Know What?



This just in! A Kansas State researcher has discovered that if you compliment a woman about her appearance, she feels better about herself.

Ooh! And in other news, another researcher (also at Kansas State) has determined that familiar songs act as memory prompts. Amazingly, hearing a song from days gone by reminds you of a specific time or place. This must mean that:

1) Academics really are nerdy types that don't go out on dates very often.

2) Researchers really need to read more marketing how-to books, because advertising wonks discovered the benefits of music for memory association, oh, about 75 years ago.

3) The whole creationism vs. evolution debate in Kansas is already having an effect on the quality of research done there.

Okay, to be fair, Kansas universities aren't the only places producing questionable studies. The University of Durham recently made the headlines because researchers there announced that they'd discovered that sports teams dressed in red have a slight advantage over those that don't. I'd be willing to bet money that their next study will be: “The Effect of Scientific Research on Sports Wagering: Red Teams Get Shorter Odds.”

Personally, I'd like to see a study entitled: “How the Heck is This Sort of Research Getting Funding Anyway?” Or how about: “Why on Earth is This Stuff Being Published?”

Published research is supposed to be filtered by what's known as the “peer review” process. If you're an academic, you're supposed to do your work, write it up in a paper and submit it to a journal. There, a panel of your peers examines it, and either rejects it, suggests ways to improve it, or gives it the green light for publication. This little system works well except in the following situations:

1) If you're doing pioneering research, and there aren't enough other people in the field for you to actually have peers yet.

2) If your paper argues against a currently accepted theory, in which case you're liable to get your paper stamped “crackpot” as well as “rejected.”

3) If you have recently insulted, criticized, argued against, or accidentally cut off in traffic any of the people who end up on your review committee. In this case you're liable to get your paper stamped “mother dresses funny,” “crackpot,” “should have credentials revoked” as well as “rejected.”

With this kind of process in place, how are some of these studies being published? It may be that there are just too many people submitting too many papers. I once dated a mathematician who admitted that he wrote (and had published) the same paper several times over: He'd run a math experiment with one set of numbers, and publish the results. Then he'd change the input numbers slightly, run the experiment again and publish the results. Which just goes to show: Academics do go out on dates from time to time.
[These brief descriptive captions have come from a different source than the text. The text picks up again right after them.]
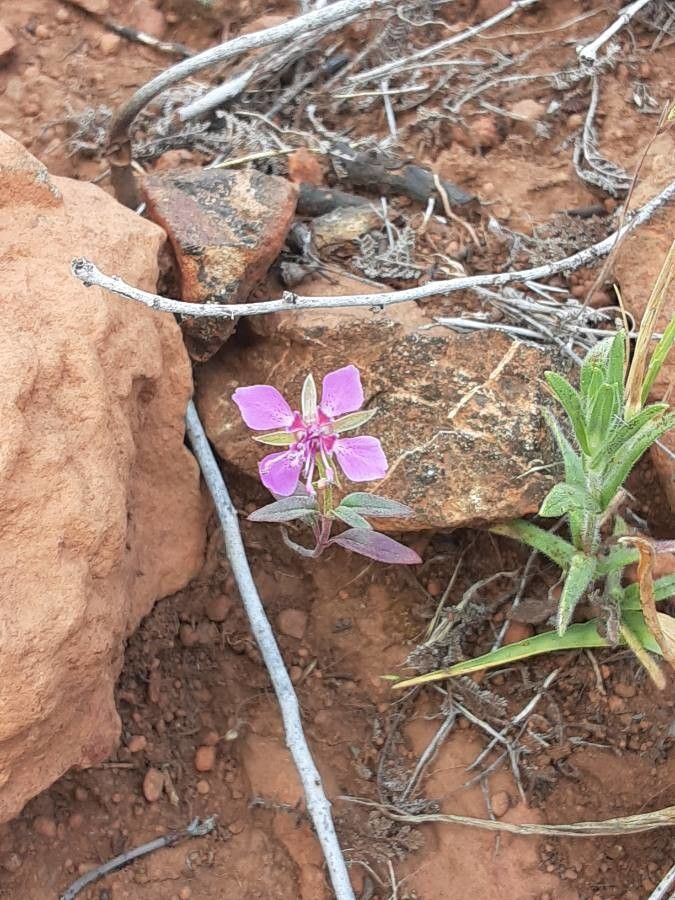 Clarkia rhomboidea flower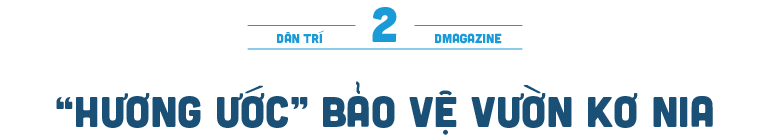 Báu vật hơn trăm năm tuổi độc nhất ở đồng bằng - 5 Báu vật hơn trăm năm tuổi độc nhất ở đồng bằng - 5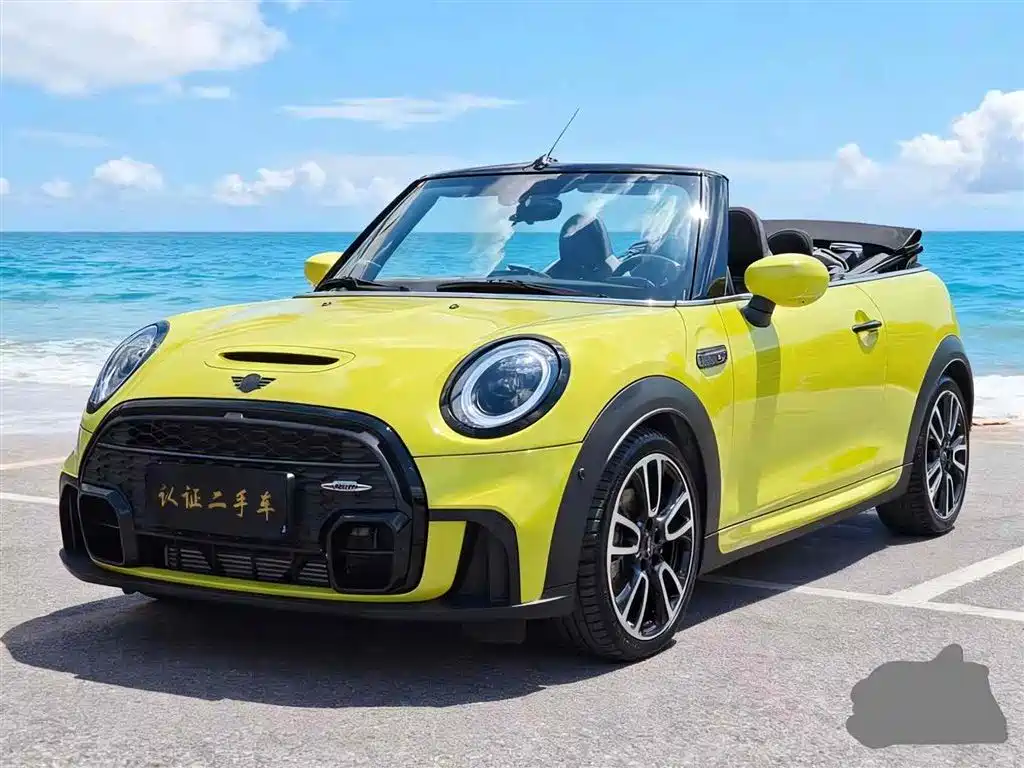 Mini Mini 2022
No, wait, what it really points out is that perhaps journal reviewers are overwhelmed, and aren't reading papers as closely as they could be. We know this to be the case on at least two occasions.

Alan Sokal submitted a rubbish piece to Social Text a few years ago, had it accepted, and then revealed his hoax in another journal.

More recently, some computer science jokers wrote a program that generates complete papers for you. The authors of the program submitted a generated paper to a conference — and had it accepted.

All of which leads me to ask three more questions:

1) How many other nonsense papers are getting published that really shouldn't be?

2) Is knowledge really doubling every five years, like the pundits say? (Not really, if the Kansas State studies are any indicator of what's being touted as “knowledge.”)

3) How cool is it that I wrote, in less than five seconds, with my eyes closed, a 1,500 word paper called “A Synthesis of Forward-Error Correction Using Mir”?

3b) Where can I get one of these autogenerator thingies for humor columns?